> [Input data]
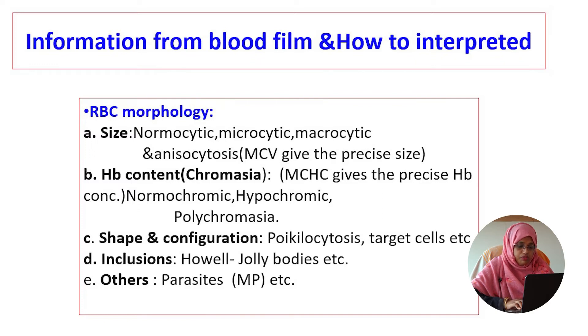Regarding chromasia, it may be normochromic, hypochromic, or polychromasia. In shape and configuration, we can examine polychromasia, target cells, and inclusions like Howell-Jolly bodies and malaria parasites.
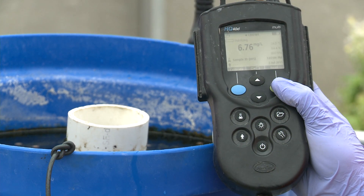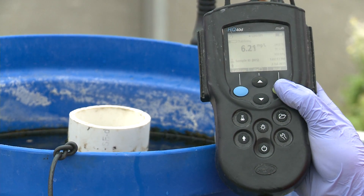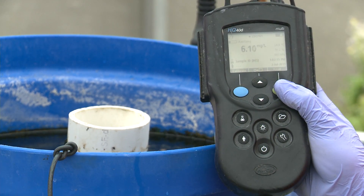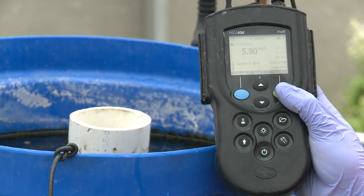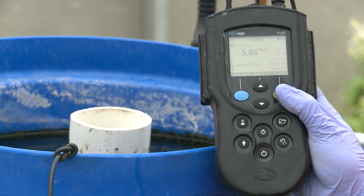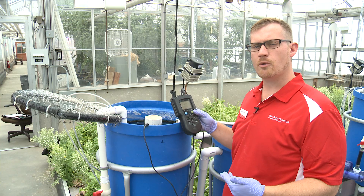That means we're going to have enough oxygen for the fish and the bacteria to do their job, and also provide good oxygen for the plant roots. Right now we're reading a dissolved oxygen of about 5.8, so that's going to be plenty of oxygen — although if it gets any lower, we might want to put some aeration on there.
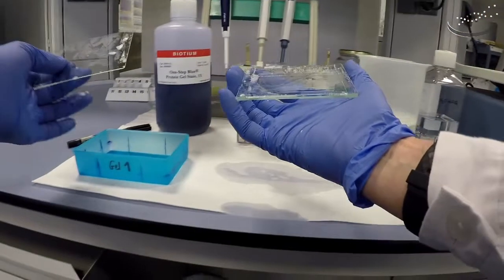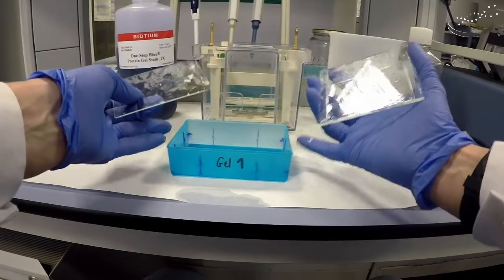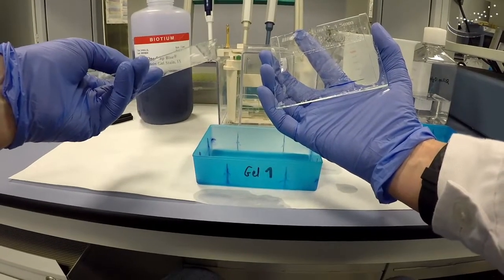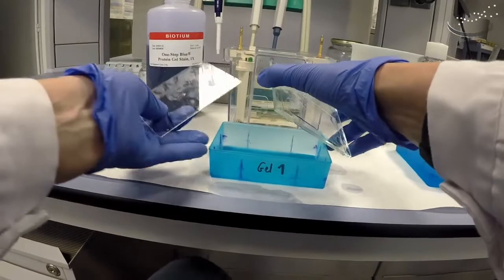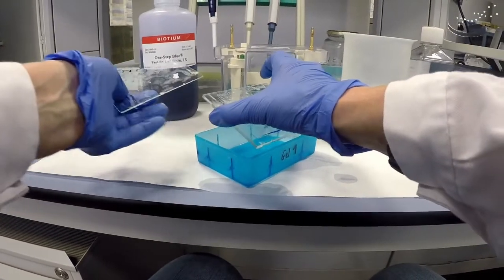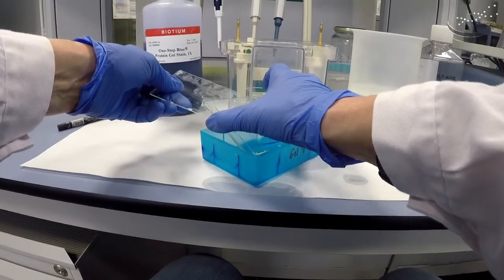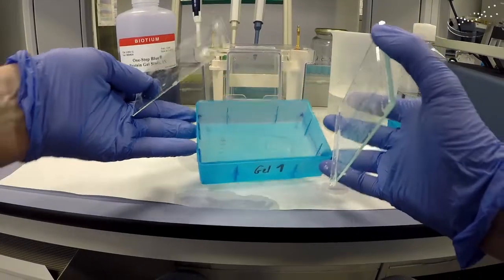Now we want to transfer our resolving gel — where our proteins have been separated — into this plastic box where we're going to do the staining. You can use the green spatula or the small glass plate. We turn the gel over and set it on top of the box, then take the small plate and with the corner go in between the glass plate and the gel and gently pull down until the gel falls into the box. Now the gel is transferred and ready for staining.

...

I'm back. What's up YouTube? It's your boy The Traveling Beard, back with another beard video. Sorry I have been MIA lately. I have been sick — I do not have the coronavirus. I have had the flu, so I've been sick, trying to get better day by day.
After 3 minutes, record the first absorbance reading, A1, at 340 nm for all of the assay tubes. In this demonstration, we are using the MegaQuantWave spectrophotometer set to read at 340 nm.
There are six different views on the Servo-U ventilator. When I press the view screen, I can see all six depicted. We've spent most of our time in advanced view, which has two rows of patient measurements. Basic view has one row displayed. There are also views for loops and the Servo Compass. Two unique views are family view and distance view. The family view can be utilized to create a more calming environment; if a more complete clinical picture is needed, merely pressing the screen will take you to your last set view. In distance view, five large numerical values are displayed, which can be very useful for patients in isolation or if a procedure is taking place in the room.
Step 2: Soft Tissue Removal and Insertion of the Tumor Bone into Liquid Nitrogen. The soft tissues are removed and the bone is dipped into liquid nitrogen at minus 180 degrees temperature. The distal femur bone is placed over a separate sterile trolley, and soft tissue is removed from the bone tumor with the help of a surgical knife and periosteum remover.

> [Directions for this task] Copy the lines above exactly. Start with the line containing "I'm back. What's", end with the line containing "After 3 minutes, record", and include both.

> [Exercise output]
I'm back. What's up YouTube? It's your boy The Traveling Beard, back with another beard video. Sorry I have been MIA lately. I have been sick — I do not have the coronavirus. I have had the flu, so I've been sick, trying to get better day by day.
After 3 minutes, record the first absorbance reading, A1, at 340 nm for all of the assay tubes. In this demonstration, we are using the MegaQuantWave spectrophotometer set to read at 340 nm.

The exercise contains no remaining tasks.